More importantly for this article and endeavour, Tor hosts .onion services, which are also known as ‘hidden services’ , these are websites that run inside the TOR network and are reached through a Tor browser or a Tor client. A typical example is that we all know an IP address in the internet resolves to a domain name ) 142.251.30.113 resolves to google.com (At the time of writing anyway)
.onion addresses are – OnionAddress = base32(PublicKey + Checksum + Version) + “.onion” which then would give you something like this (expyuzz4wqqyqhjn.onion), an example only.
It is important to note at this point that not all Tor hidden services are illegal!
So just to quickly recap why TOR differs from the Clearnet
Clearnet sites rely on DNS. Tor sites use self-authenticating onion addresses derived from cryptographic keys.
Clearnet routes directly over the public internet. Tor builds ephemeral circuits through multiple relays.
Clearnet discovery is dominated by search engines. Tor discovery is fragmented directories come and go, and many sites block indexing.
Clearnet attribution often leverages hosting clues, registrar data, trackers, and IP history, Tor deliberately strips these out or obscures them.
There are numerous scripts that probably do the same, but I wanted something that was able to capture evidence reproducibly, build a case of file of sorts, which I think I managed, but still a lot more improvements can be made.
I wanted to be able to discover and index onion sites for threat intel, extract useful non intrusive signals, metadata, open ports, crypto addresses etc and any external pivot points, such as Clearnet leaks or of that nature. It has to be passive by default but also have some active portions for those systems I have permission to test. The active part should just test ssrf/lfi. – directories at a later date perhaps.
You can find the script here at ThreatInsightsdev/TorIntelScan: TorIntel Scan – a research-oriented TOR reconnaissance and evidence-capture tool.
All options are below to enable the script to run.
python3 torscanner1.py –url threeamkelxicjsaf2czjyz2lc4q3ngqkxhhlexyfcp2o6raw4rphyad.onion –enrich-clearnet –mirror-detect –index-file corpus_index.json –output torintel_output.jsonl –evidence –case-dir case_example –warc –queue-wait 300 –queue-log queue_log.jsonl –wait-selector “main,#content” –max-wait 300 –timeline –snapshot-every 10
Once this is executed you can see the files it produces below;

The key here for me was the audit.jsonl, which keeps track everytime I run the script.

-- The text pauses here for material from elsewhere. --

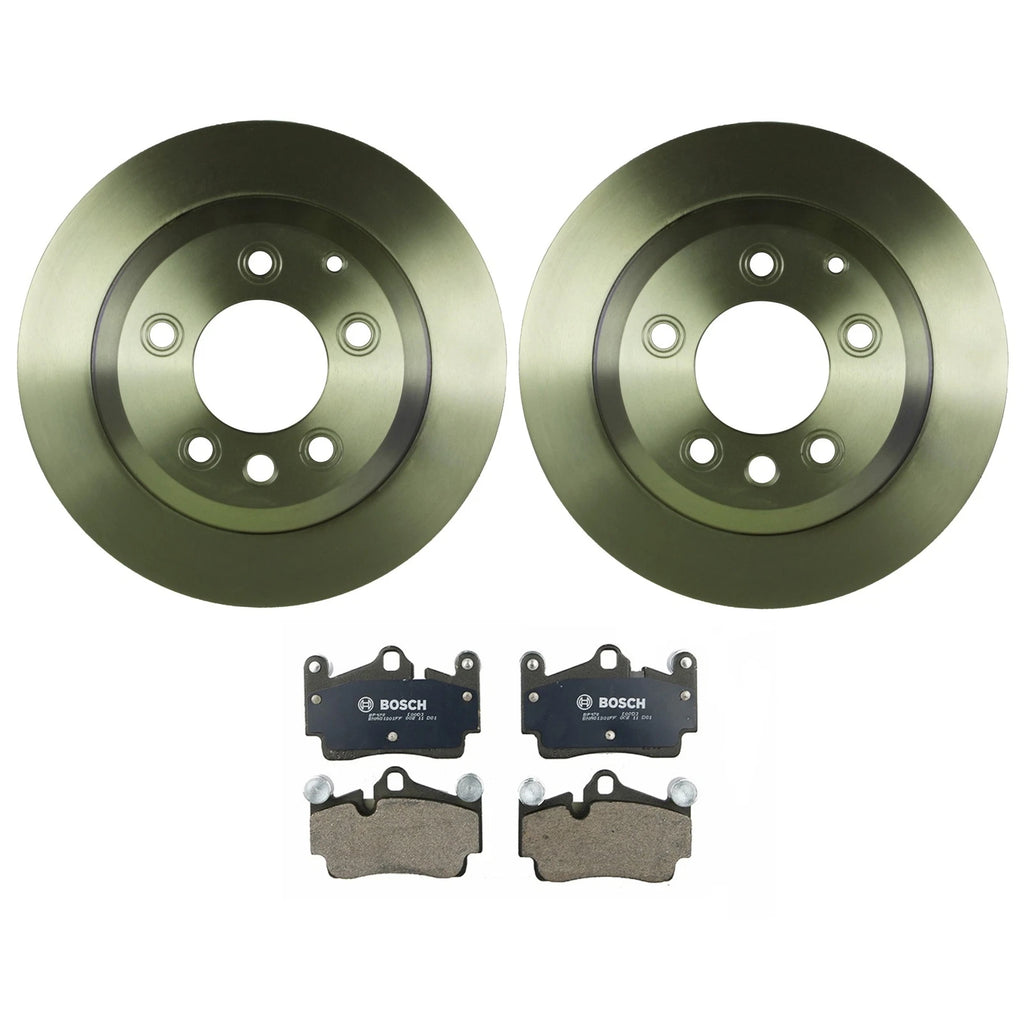 Bosch QuietCast Rear Brake Kit for Audi Porsche VW (330mm Disc Rotor)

Then the full output is dumped into the output.jsonl and looks something like the below; you can see it extracts interesting artefacts




I think there is enough detail here to start building up a picture, or certainly enough to start and investigation and then you can pivot over to Maltego and start building up a bigger picture of things.
NOTE: Exercise caution with the screen shot evidence, personally I wouldn’t run this option initially until you understand what you’re working with.
How the Script Works
- Fetch the target .onion page over Tor.
 - Parse with BeautifulSoup → text, links, forms, headers, resources.
 - Tag & extract: emails, PGP blocks, BTC/XMR, Telegram handles, JS endpoints, leak indicators.
 - Clearnet enrichment (if present): resolve domains; optional ASN/PDNS lookup.
 - Correlate: compute favicon MD5, SimHash for text, mirror candidates against a local index.
 - Evidence (if enabled): headless screenshot, DOM, hashes, optional WARC; queue-aware waits.
 - Optional crawl: follow discovered onion links to expand coverage—rate-limited and logged.
 - Output: JSONL per page (machine-readable), plus an evidence folder for auditors.
 
Practical CTI Uses which is its intended use case
- Brand/infrastructure tracking, Is a “new” market actually a clone of a taken-down site?
 - Ransomware monitoring in some sense as you can Extract crypto addresses, cross-reference notes and contact channels, flag potential victims for outreach.
 - Identify clearnet pivots or reused comms handles that enable lawful notices.
 - Possible takedown preparation because you can package evidence with hashes and WARCs to meet partner or legal evidentiary standards (in some countries jurisdiction)
 - Horizon scanning in general, allows you to crawl with conservative depth to map emergent ecosystems (forums, brokers, data-leak blogs).